A Comparison of Residual Tumor Accuracy Prior to Re-Excision between Breast Magnetic Resonance Imaging and Ultrasonography
Article information
Abstract
Purpose:
We aimed to evaluate the accuracy of breast magnetic resonance imaging (MRI) versus ultrasonography (US) in detecting residual tumor prior to a second re-excision.
Methods:
Fifty-seven breast cancer patients diagnosed by vacuum-assisted breast biopsy (VABB) or excisional biopsy and scheduled for breast-conserving surgery (BCS) were included. They underwent breast MRI or US after an excisional biopsy or VABB to determine the extent of residual tumor around the excision site or multifocal cancers, followed by immediate curative surgery. We evaluated the correlation between the radiologic and pathologic findings after breast surgery.
Results:
Pathologic residual tumors were found in 42 patients (73.6%), and 13 patients (22.8%) demonstrated pathologic multifocal breast cancer. When detecting residual tumor using MRI, the sensitivity, specificity, positive predictive value, and negative predictive value were 59.5%, 46.7%, 75.8%, and 29.2%, respectively. For US, the sensitivity, specificity, positive predictive, and negative predictive values were 41.4%, 90%, 92.3%, and 34.6%, respectively. Invasive ductal breast cancers seemed to be more enhancing than ductal carcinoma in situ or extensive intraductal components containing breast cancer. MRI findings of residual tumors were not associated with residual tumor size (positive, 1.16 cm; negative, 1.0 cm; p=0.65). Thirty-nine patients (68.4%) underwent BCS, while 18 patients (31.6%) underwent mastectomy.
Conclusion:
The MRI accuracy of detecting residual lesions around previous scars was lower than that of US, except for sensitivity; however, other lesions distinct from the primary cancer and multifocal lesions were more frequently identified on MRI than US.
INTRODUCTION
Breast-conserving surgery (BCS) is the standard-of-care in the locoregional treatment of early breast cancer. Large, prospective, randomized trials have demonstrated that survival rates after BCS are equivalent to those after radical mastectomy [1,2]. Positive resection margins have been associated with a higher rate of local recurrence after BCS [3,4]. It is standard practice to obtain clear margins, even if this necessitates an additional surgical procedure, on the assumption that re-excision will convert a positive margin to a negative margin and thereby decrease the risk of local recurrence.

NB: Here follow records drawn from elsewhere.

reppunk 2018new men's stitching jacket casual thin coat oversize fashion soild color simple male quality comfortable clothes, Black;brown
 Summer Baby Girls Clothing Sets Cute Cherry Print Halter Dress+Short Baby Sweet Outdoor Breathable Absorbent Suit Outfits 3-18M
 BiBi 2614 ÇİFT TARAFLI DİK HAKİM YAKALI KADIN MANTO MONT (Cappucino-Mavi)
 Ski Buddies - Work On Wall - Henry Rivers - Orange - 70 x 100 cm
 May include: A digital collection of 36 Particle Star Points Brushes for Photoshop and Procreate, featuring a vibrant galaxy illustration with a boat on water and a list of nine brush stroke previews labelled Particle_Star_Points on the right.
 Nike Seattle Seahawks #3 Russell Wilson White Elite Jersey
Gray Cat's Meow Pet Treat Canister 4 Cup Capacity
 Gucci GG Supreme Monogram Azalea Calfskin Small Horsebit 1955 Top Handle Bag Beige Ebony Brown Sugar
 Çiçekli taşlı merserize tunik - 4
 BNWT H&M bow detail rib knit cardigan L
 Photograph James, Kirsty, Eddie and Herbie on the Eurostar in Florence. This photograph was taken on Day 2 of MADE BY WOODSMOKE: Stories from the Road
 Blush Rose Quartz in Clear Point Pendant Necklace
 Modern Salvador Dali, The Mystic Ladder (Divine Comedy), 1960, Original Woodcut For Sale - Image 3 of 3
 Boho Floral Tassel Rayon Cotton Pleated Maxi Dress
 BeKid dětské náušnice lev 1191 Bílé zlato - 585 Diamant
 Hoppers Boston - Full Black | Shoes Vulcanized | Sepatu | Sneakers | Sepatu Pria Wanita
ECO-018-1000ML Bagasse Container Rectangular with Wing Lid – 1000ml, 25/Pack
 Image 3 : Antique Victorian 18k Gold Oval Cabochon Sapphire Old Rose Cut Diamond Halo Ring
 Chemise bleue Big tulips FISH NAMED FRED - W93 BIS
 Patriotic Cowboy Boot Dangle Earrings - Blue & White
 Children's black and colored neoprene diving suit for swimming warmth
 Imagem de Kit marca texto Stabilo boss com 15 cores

During the last 2 decades, tremendous advances have occurred in the performance and interpretation of breast magnetic resonance imaging (MRI). Several studies reported the higher sensitivity of contrast- enhanced magnetic resonance imaging (CE MRI) than a standard workup using conventional imaging for the detection of invasive breast cancer and disease extent visualization [5-8]. Breast MRI is helpful for women diagnosed with breast cancer who are contemplating BCS, as it provides valuable information regarding the extent of the disease. BCS is performed by many surgeons for breast cancer patients, except for those with multifocal breast cancer, central breast cancer, and extensive microcalcification. However, a previous excisional biopsy has been regarded as a relative contraindication; many surgeons have been attempting BCS because of improved preoperative imaging studies. Residual tumor after excisional biopsy has been reported in 32% to 63% of cases [9,10]. Many surgeons have used MRI for preoperative cancer staging to plan single-stage resections, especially in BCS. MRI can also help assess residual invasive breast cancer in patients with positive margins after an excisional biopsy [11]. Vacuumassisted breast biopsy (VABB) has been widely performed for the excision of benign-looking breast masses in Korea instead of excisional biopsy. In cases where breast malignancy was found, the evaluation of residual breast cancers was difficult [12].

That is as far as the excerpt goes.